No Brasil, a urgência é também fiscal. A produção nacional deve declinar entre 2030 e 2035, quando os campos do pré-sal perderem capacidade. A arrecadação do setor, que saltou de menos de 1% do PIB em 2015 para 1,6% em 2024, tende a minguar quando o país mais precisa de recursos. Com a Margem Equatorial em operação, analistas estimam que a receita petrolífera poderia se estabilizar entre 2,5% e 3% do PIB, gerando entre 250 bilhões de reais e 350 bilhões de reais anuais.

Durante uma apresentação de resultados do terceiro trimestre de 2025 à imprensa, Sylvia dos Anjos, diretora-executiva de exploração e produção da Petrobras, destacou os desafios técnicos. “A coluna de rocha desse poço é superior à que temos no pré-sal, então tudo isso leva mais tempo, com mais trocas de fases. É um prazo que vemos com mais segurança”, afirmou sobre o poço Morpho, o quinto mais profundo da estatal.

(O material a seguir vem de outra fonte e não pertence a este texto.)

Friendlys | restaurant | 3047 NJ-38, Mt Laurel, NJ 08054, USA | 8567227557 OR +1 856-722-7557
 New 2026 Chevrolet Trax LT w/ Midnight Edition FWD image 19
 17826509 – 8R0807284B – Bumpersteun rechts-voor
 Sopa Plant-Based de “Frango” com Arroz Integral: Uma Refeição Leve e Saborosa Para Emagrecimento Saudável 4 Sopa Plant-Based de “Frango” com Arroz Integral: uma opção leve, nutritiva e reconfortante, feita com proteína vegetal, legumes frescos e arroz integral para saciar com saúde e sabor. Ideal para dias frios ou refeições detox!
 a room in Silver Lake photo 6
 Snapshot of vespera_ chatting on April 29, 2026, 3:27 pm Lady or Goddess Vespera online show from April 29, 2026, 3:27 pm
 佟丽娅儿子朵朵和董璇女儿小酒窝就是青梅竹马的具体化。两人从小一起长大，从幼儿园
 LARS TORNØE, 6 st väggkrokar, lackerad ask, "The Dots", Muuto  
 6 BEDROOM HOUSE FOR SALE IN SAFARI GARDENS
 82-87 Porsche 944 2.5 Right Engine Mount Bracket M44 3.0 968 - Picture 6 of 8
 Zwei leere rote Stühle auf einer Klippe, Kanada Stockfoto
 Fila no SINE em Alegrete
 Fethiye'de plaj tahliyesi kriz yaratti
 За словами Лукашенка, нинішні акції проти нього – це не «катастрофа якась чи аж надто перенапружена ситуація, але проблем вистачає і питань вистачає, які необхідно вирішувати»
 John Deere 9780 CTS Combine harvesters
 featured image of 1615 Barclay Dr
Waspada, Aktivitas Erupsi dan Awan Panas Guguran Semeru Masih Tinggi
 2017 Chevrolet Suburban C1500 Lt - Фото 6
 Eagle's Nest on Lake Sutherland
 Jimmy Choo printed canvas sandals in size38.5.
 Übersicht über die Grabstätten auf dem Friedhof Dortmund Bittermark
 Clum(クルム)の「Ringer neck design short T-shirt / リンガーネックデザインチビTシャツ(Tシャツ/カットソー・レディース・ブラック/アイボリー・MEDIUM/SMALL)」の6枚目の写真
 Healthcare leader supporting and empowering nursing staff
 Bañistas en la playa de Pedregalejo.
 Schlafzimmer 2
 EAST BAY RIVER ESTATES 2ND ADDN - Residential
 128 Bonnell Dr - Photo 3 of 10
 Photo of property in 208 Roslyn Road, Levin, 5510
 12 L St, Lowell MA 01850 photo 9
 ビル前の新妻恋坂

A matriz energética brasileira, com mais da metade de sua oferta vinda de fontes renováveis — ante 14% da média mundial —, coloca o país em posição singular. Cerca de 70% das emissões nacionais decorrem do desmatamento e da pecuária, não da queima de combustíveis fósseis.

Mesmo um aumento expressivo na produção de petróleo teria impacto pequeno sobre as emissões totais. Isso permitiu que ganhasse força a tese de usar a renda da Margem Equatorial para financiar a própria transição energética via fundo soberano robusto, semelhante aos modelos norueguês e guianense.

Apesar das muitas polêmicas, a proposta vem encontrando receptividade crescente na sociedade. Levantamento da Quaest, divulgado em novembro de 2025, mostrou que os brasileiros contrários à exploração caíram de 70% para 49%, enquanto os favoráveis subiram de 26% para 42%. A redução da rejeição sugere amadurecimento do debate, com a população abandonando polarizações simplistas entre desenvolvimento e meio ambiente.

O maior obstáculo, porém, será político: garantir que essa receita financie projetos climáticos de longo prazo, e não seja consumida por demandas imediatas de saúde, educação e segurança.